Exactly as they appear below, repeat the lines from the one with "31 Caddis Court Marshall, NC 28753" through the one with "GIANT BLUE MARLIN". Drop every picture.

--- Data to use Enclosed Below ---

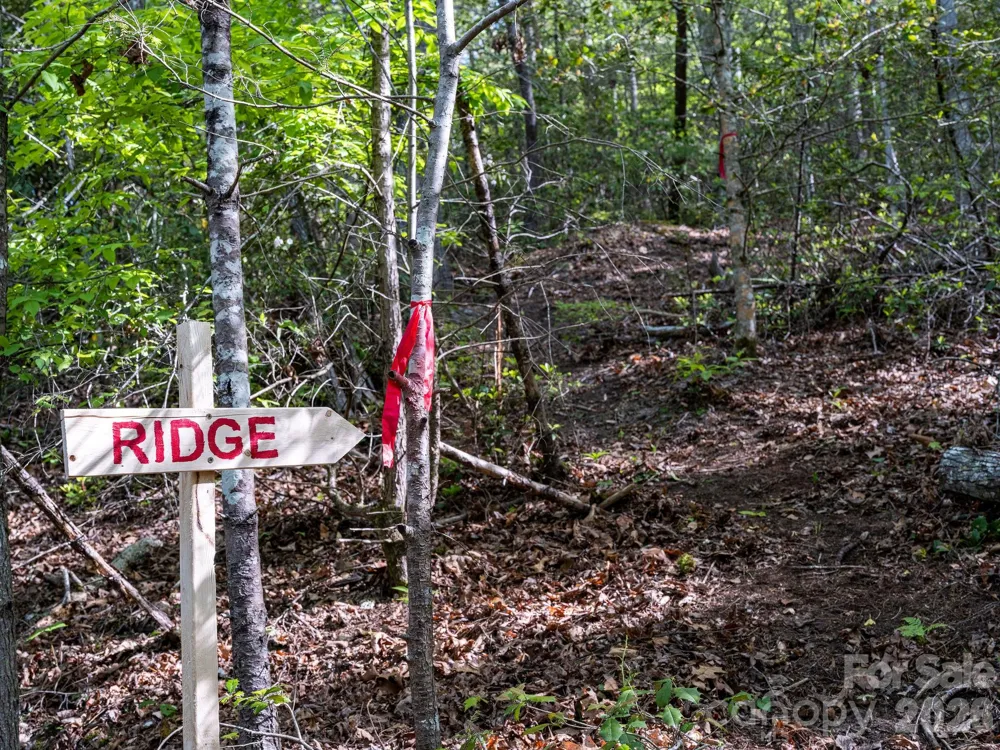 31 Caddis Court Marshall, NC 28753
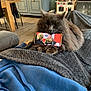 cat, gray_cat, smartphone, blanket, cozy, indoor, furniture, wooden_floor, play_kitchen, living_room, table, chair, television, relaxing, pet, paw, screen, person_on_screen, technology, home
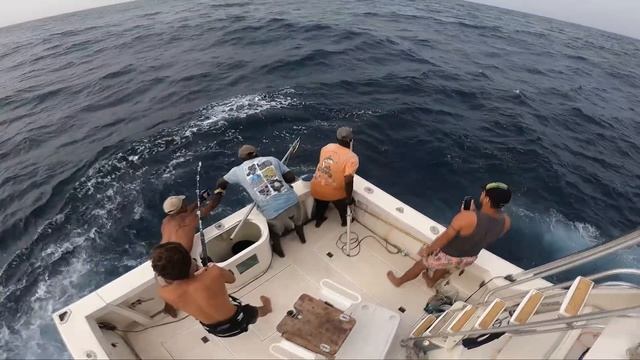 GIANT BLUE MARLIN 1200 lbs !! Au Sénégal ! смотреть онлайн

--- End of Enclosed Data to use ---
--- Data to use Enclosed Below ---

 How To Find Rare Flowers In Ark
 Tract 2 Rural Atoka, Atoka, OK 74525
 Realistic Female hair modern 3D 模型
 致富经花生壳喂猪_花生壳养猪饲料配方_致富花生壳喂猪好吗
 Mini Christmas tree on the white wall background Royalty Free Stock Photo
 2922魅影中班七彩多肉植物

--- End of Enclosed Data to use ---

# [Solution to this exercise]
 31 Caddis Court Marshall, NC 28753
 cat, gray_cat, smartphone, blanket, cozy, indoor, furniture, wooden_floor, play_kitchen, living_room, table, chair, television, relaxing, pet, paw, screen, person_on_screen, technology, home
 GIANT BLUE MARLIN 1200 lbs !! Au Sénégal ! смотреть онлайн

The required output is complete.